> WHAT IS BEING ASKED: Here are the records. Write out exactly the lines between the one holding "Welcome back, guys." and the one holding "This is Emma, and", inclusive.

> DATA RECORDS:
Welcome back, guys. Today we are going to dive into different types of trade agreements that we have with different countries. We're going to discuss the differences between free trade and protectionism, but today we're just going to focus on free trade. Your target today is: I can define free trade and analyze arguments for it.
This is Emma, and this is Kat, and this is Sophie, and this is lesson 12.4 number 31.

* * *

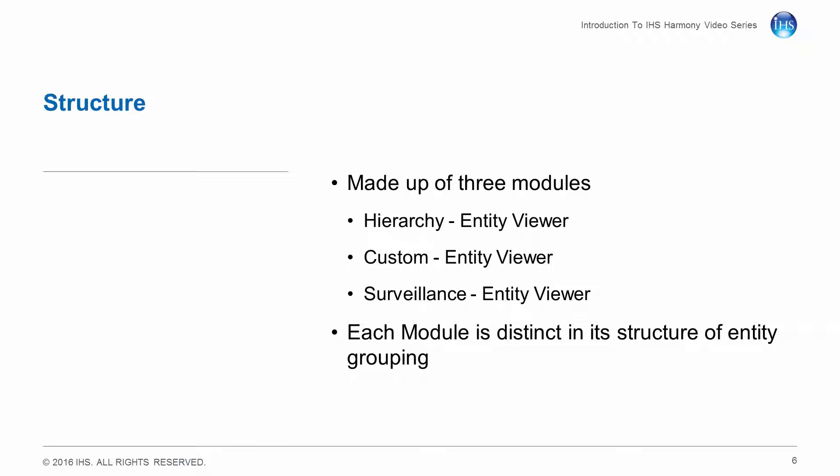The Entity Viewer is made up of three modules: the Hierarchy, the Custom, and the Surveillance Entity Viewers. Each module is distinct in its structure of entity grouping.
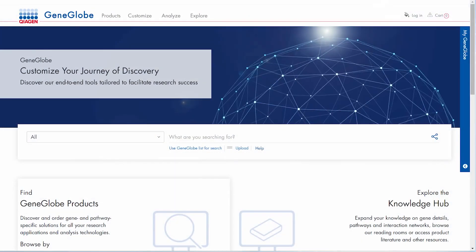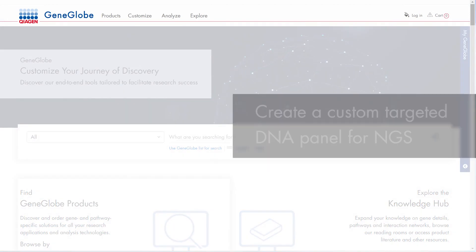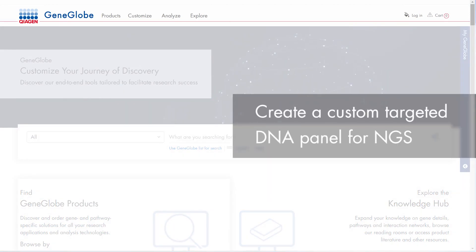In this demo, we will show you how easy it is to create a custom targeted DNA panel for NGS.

> ANSWER TO THE EXERCISE:
Welcome back, guys. Today we are going to dive into different types of trade agreements that we have with different countries. We're going to discuss the differences between free trade and protectionism, but today we're just going to focus on free trade. Your target today is: I can define free trade and analyze arguments for it.
This is Emma, and this is Kat, and this is Sophie, and this is lesson 12.4 number 31.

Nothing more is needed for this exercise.